By Salahuddin I. Imam

It's always very tense before a show starts -- for the performers, doubts about another road-audience, for the crowd, the tightness of anticipation. Preparations continue in the last minutes on amps and mikes and lights. In a blue-carpeted backroom deep within the Boston Tea Party, the Jeff Beck Group kicks around a squishy soccer ball.

Out in the dark dance hall -- too packed, obviously, for dancing -- the younger boys and girls are remarkably adept with each other. They must learn at high school to flit around casually and effortlessly.

The soccer ball bounces harmlessly off a streaking red tuned-up guitar. "Nahh. We never eat a big meal before we go on. If you're stuffed you get too self-satisfied on stage and then you can't play very well, can you? You have to be ugly inside to make it all come out." Said Jeff Beck.

The music is thundering and the light show irrelevant. Jeff Beck a streaming presence jerking, in sweat, on his guitar laying sheet after sheet of sound authoritatively down. The great Nicky Hopkins in one corner of the stage hunched over piano holding together the music with his discreet and rippling underpinning. Mick Waller on drums, his eyes fixed on Beck, face contorting, eyes glazed, his arms chopping, producing a sharp and clear rattling as each drumbeat rams more or less neatly into Beck's flying notes. Rod Stewart, the singer, a man of flinty beauty, and a fertile smile, has a tingling roughness in his voice.

THE ELECTRIC lead guitar is to rock-blues music what the violin is to classical--the supreme voice of the medium. Jeff Beck understands very well that a man who masters guitar has tapped an enormous source of energy.

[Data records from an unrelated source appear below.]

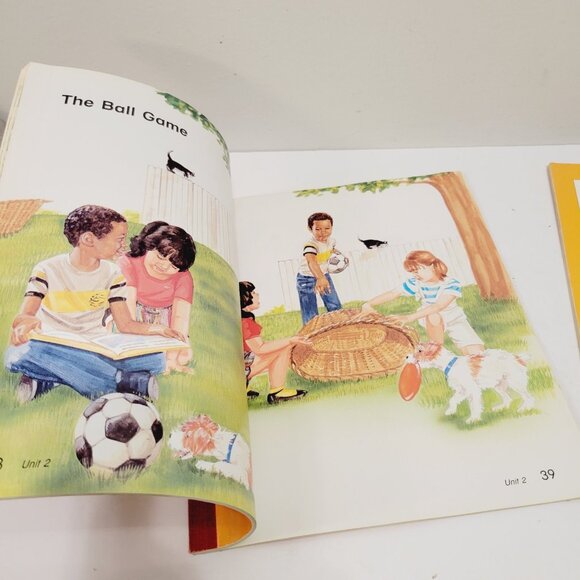 2 School Scott Foresman Reading Books Friends and Prizes An American Tradition - Picture 5 of 10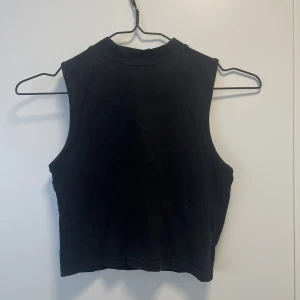 Linne - Linne med hög krage från BikBok i storlek XS 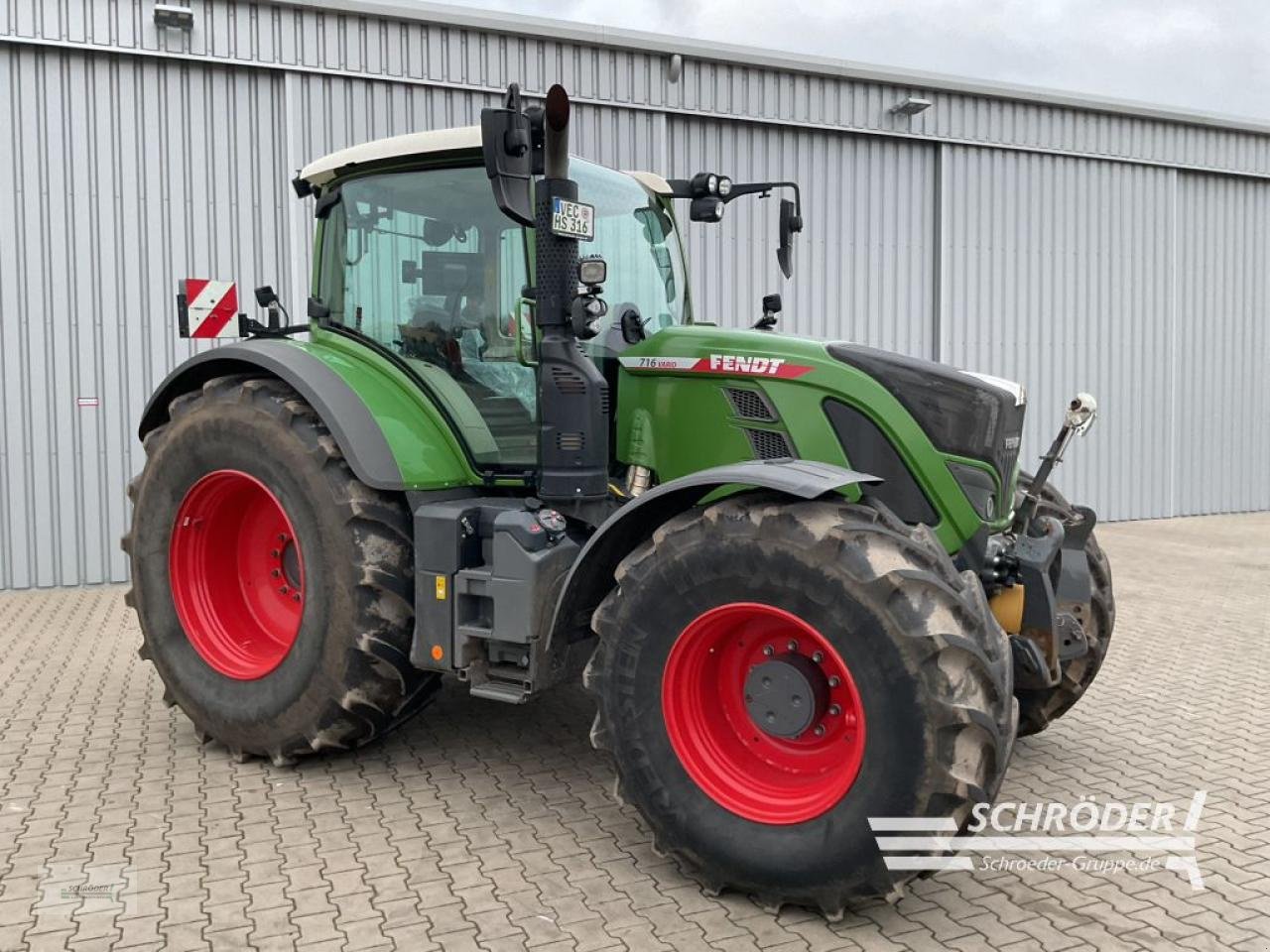 Traktor des Typs Fendt 718 VARIO GEN6 POWER PLUS, Gebrauchtmaschine in Holdorf (Bild 1)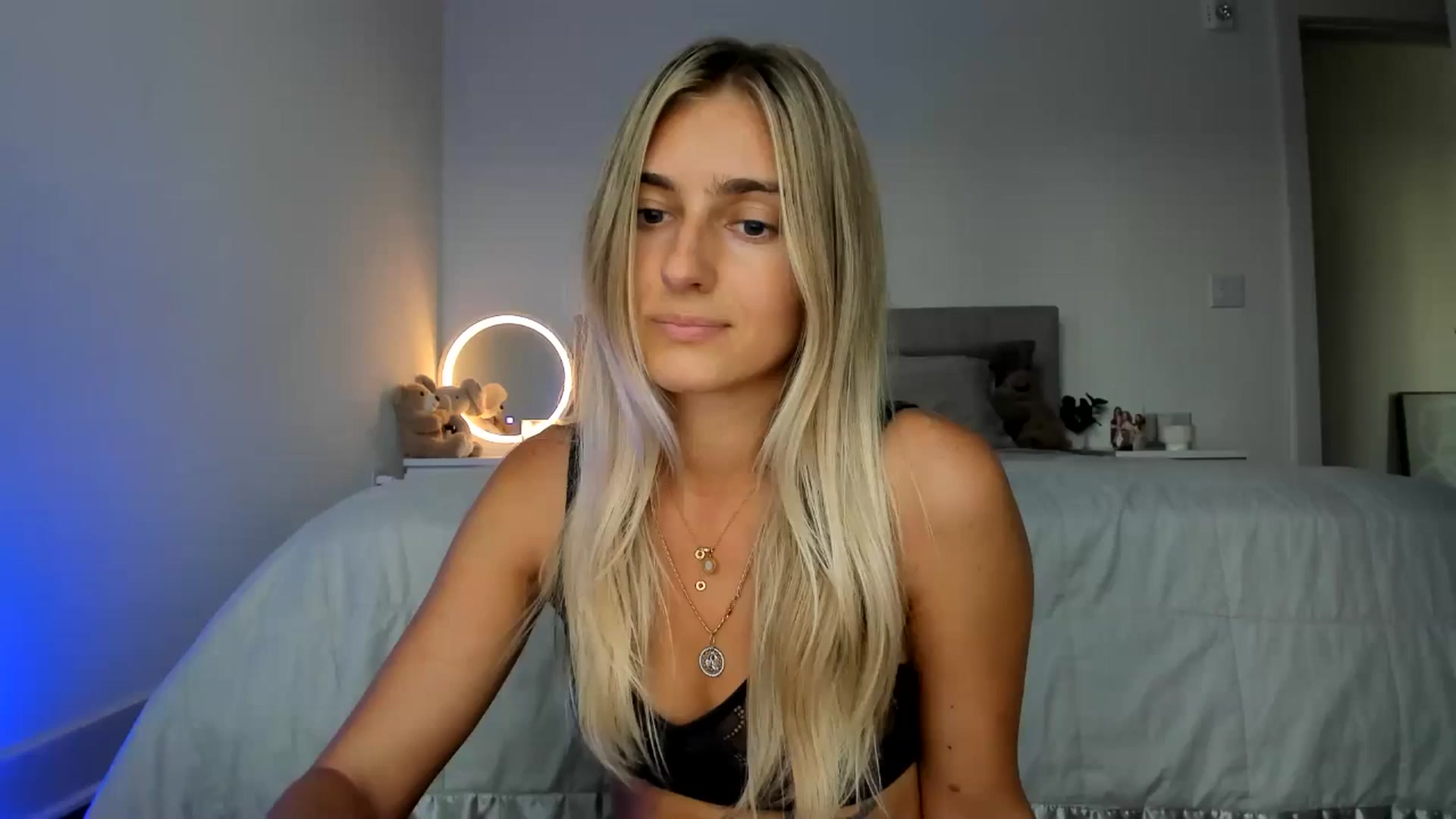 Gallery image thumbnail from Vodka_Queen's myfreecams stream on, 08/19/2024, 02:34 image 19 of 20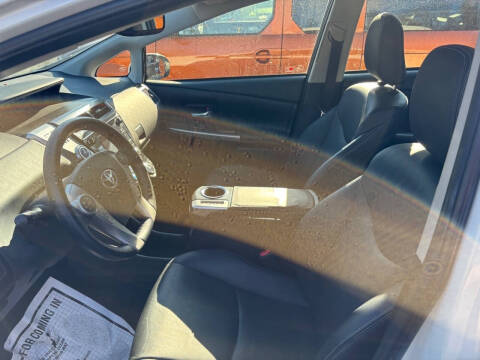 2015 Toyota Prius v Five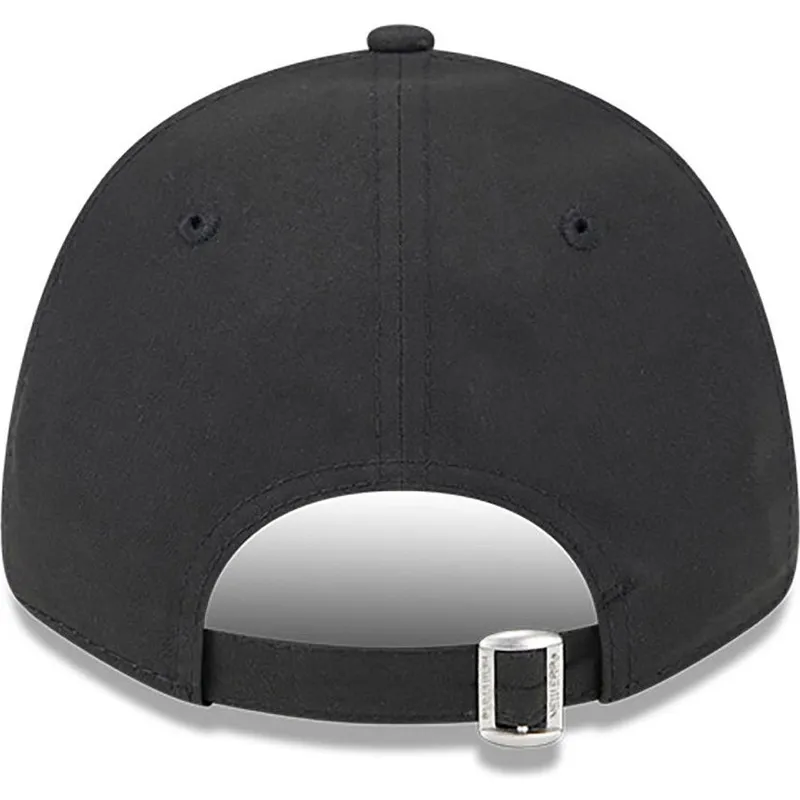 czarna-zakrzywiona-czapka-regulowana-z-czarnym-logo-9forty-repreve-outline-new-york-yankees-mlb-new-era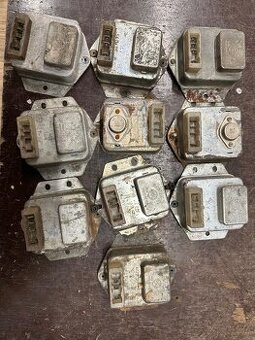 Predám regulátor NAPATIA 14V JAWA 350 a iné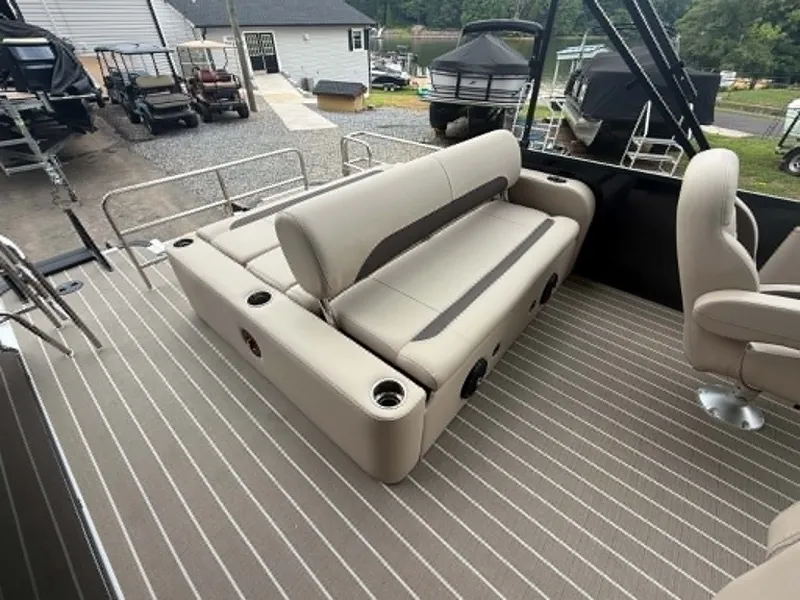 Slide: The Image of Bentley Pontoons Legacy 223 Swingback 2027 - 18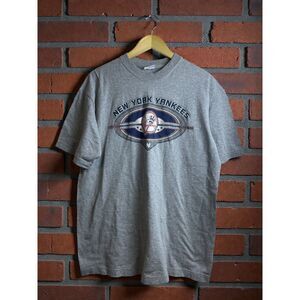 New York Yankees Vintage Graphic T-Shirt – Gray – Size Large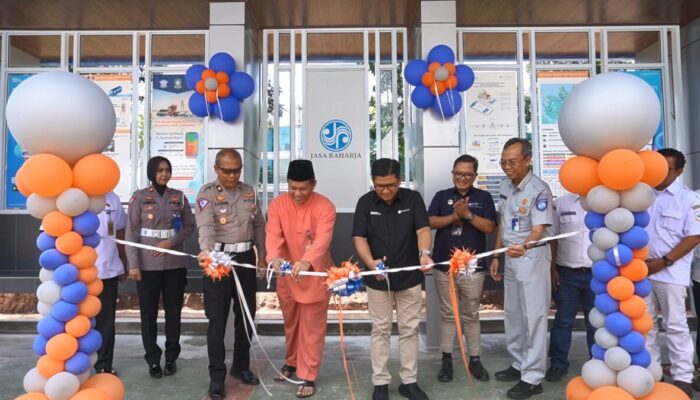 Tingkatkan Fasilitas dan Keselamatan Pengguna Angkutan Umum, Jasa Raharja Hibahkan Satu Unit Halte ke  Pemkot Batam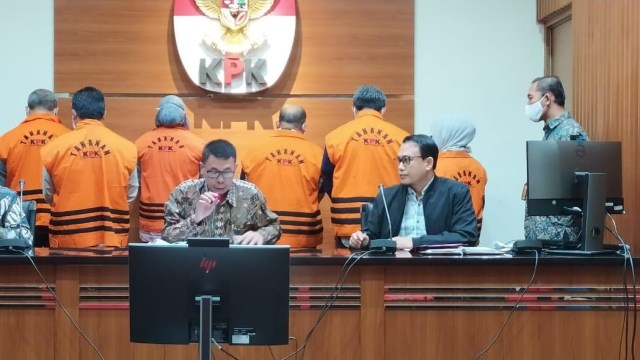 KPK umumkan tersangka OTT Bupati Kutai Timur. Foto: Dok. Istimewa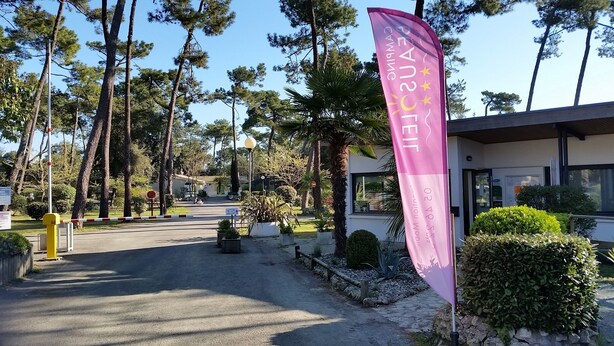 Unclassified image, 1 of 4, button - Camping Beausoleil (Les Mathes)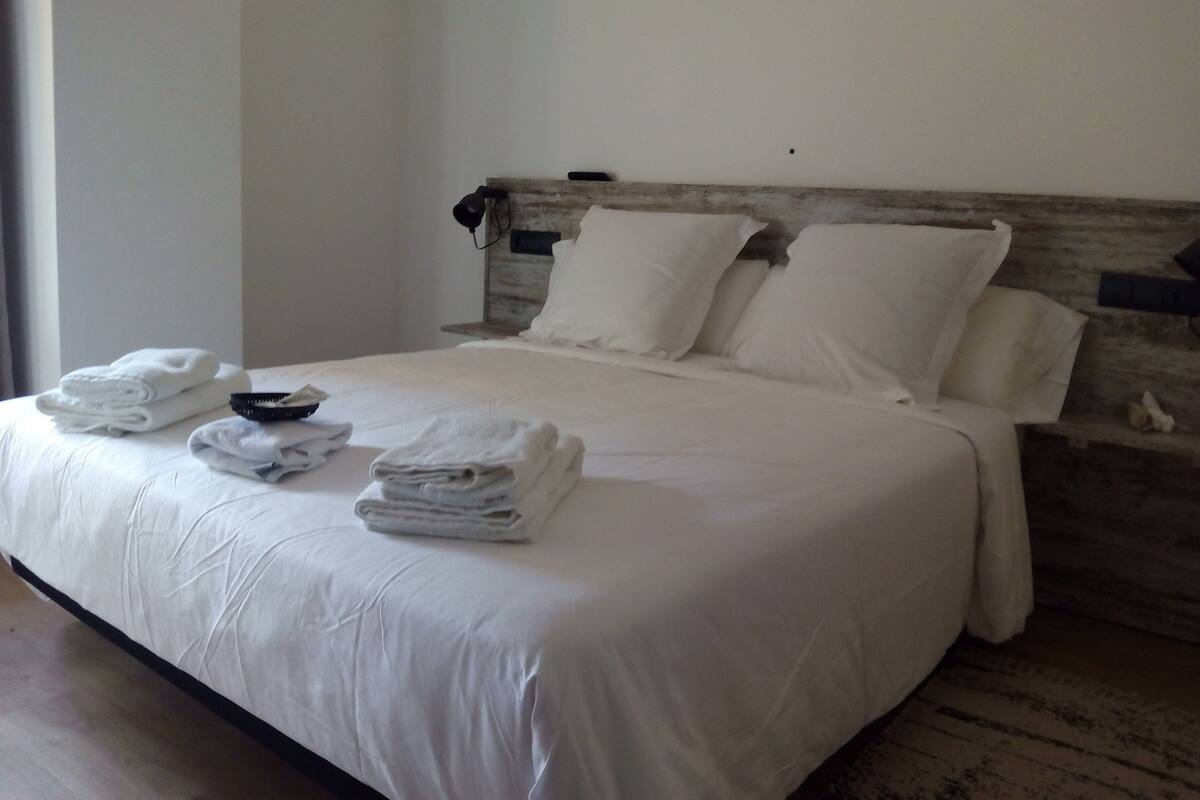 Baby-/barnesenge (tillægsgebyr), ekstra senge (tillægsgebyr)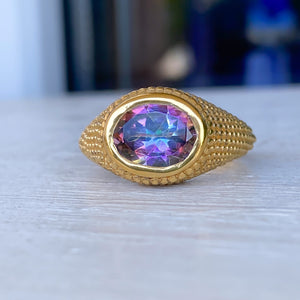 Nubia Oval Purple Mystic Topaz Yellow Gold Ring Size 7US - MANARI.eu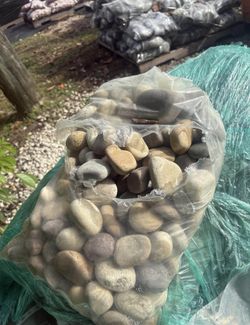 Amazon Multicolor Pebbles - 40 Lbs - $25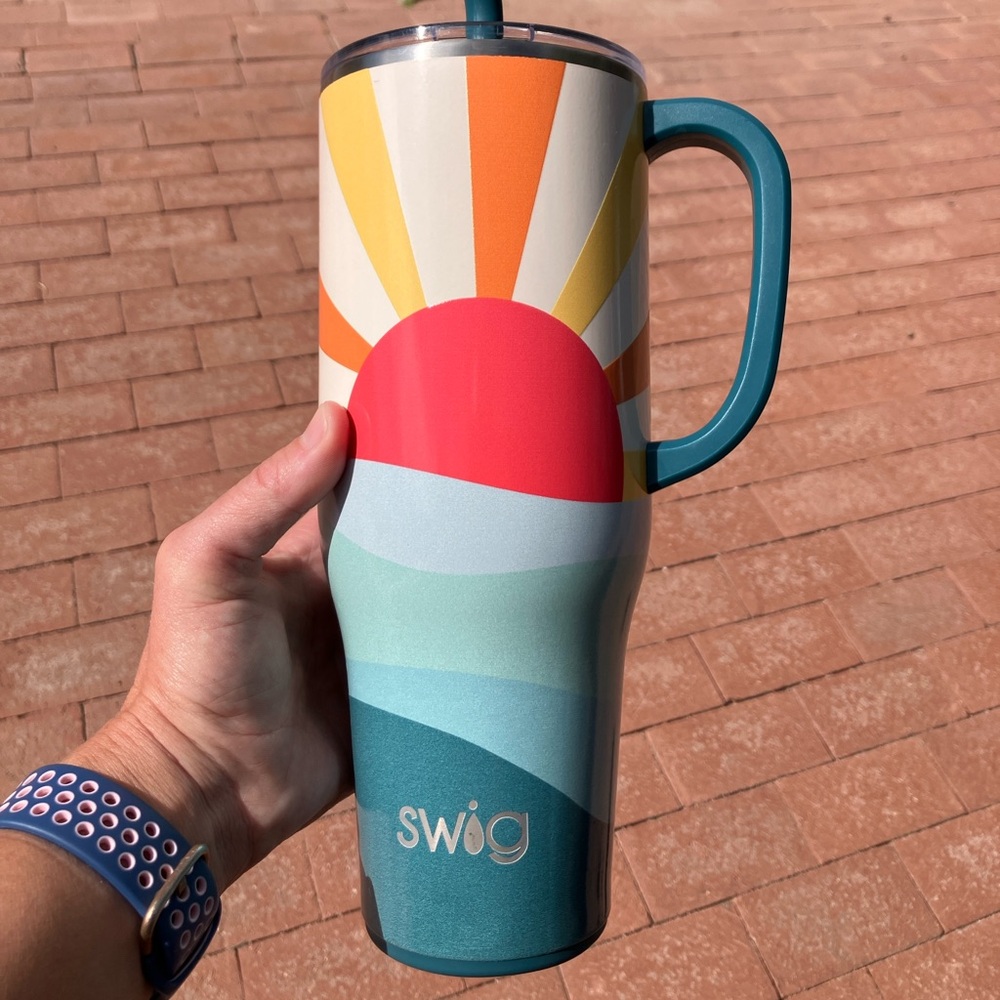 Swig Life 40 oz tumbler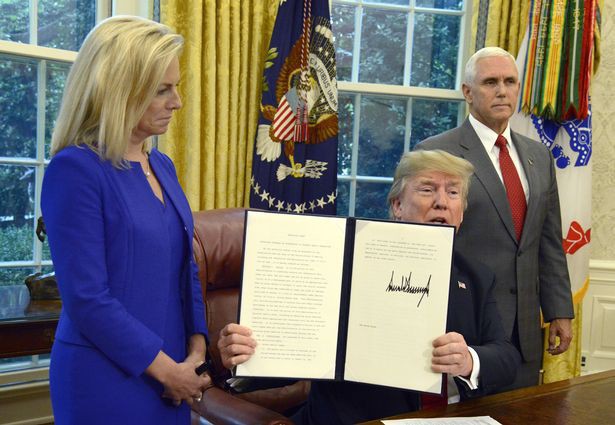Câu chuyện ít biết đằng sau bức ảnh đầy ám ảnh khiến Tổng thống Trump ký sắc lệnh chưa từng có về nhập cư - Ảnh 7.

Having done so, he relishes in his freedom and glory much as a racing driver thrills to the knowledge that he is in control of a powerful machine, one that can destroy him if it goes out of control.

The Jeff Beck Group has a number called "Beck's Boogie" that the group does early in each show. The format is simple: Beck plays the melody of the line "Mary had a little lamb" solo, and then the rest of the players crash in with a few bars of straight percussion. Silence again, and Beck repeats the phrase. Each time, however, he does it a little differently and uses different elements of the guitar. Once he plays it entirely on the frets, once using wah-wah pedal, once slapping the strings with his open palm. The improvisation gets more and more complex and yet the melody is still recognizable, though made up of different timbres and tones each time around.

Every time there is a breahtless moment as Beck deliberately lengthens the melody, playing furiously, leaving the audience overhanging, teetering until the rest of the group climaxes with a rumbling flourish.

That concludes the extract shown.